§ **Recorded data**:
__________

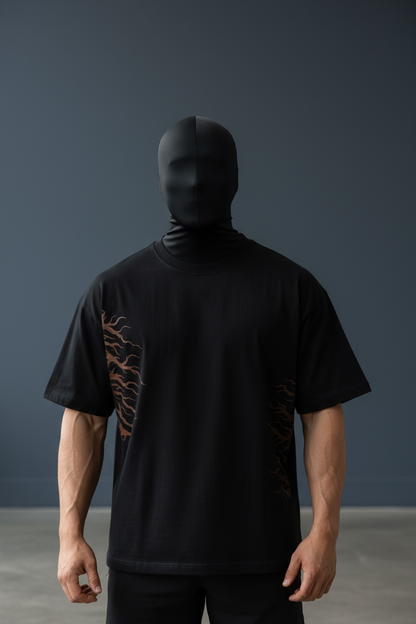 Venom Oversize Tee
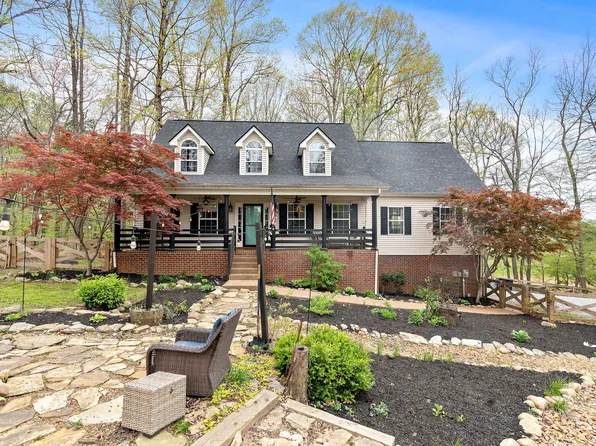 4046 Socata Ct, White House, TN 37188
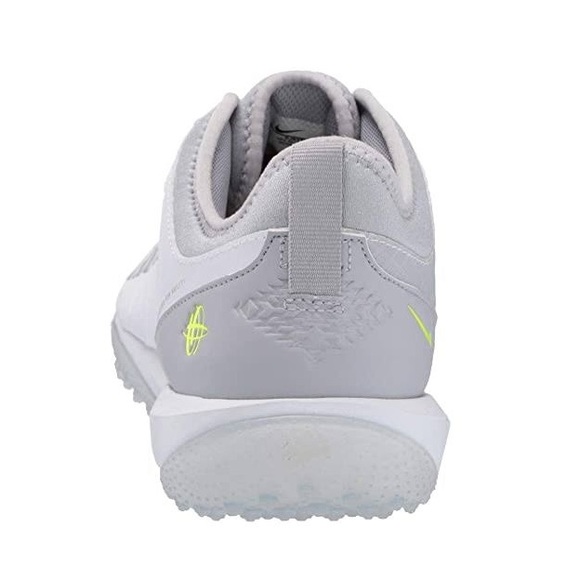 Nike Alpha Huarache 7Pro Turf Lacrosse Cleats NWB - Picture 6 of 13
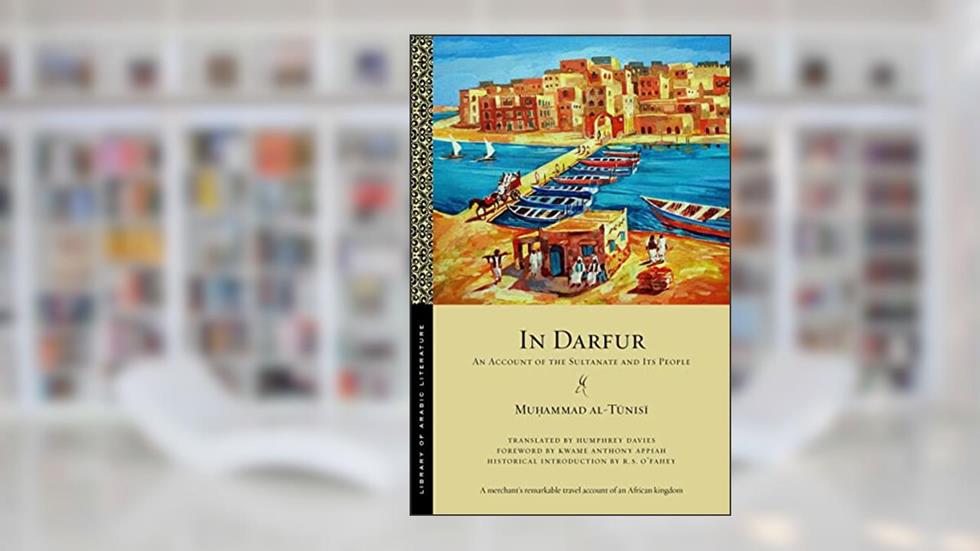 In Darfur: An Account of the Sultanate and Its People (Library of Arabic Literature, 70), written by Mu?ammad al-Tunisi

__________

Reproduce the lines above, exactly and exclusively, from the line containing "4046 Socata Ct, White House, TN 37188" down to the last line, both included; pictures are not part of the copy.

§ **Task answer**:
 4046 Socata Ct, White House, TN 37188
 Nike Alpha Huarache 7Pro Turf Lacrosse Cleats NWB - Picture 6 of 13
 In Darfur: An Account of the Sultanate and Its People (Library of Arabic Literature, 70), written by Mu?ammad al-Tunisi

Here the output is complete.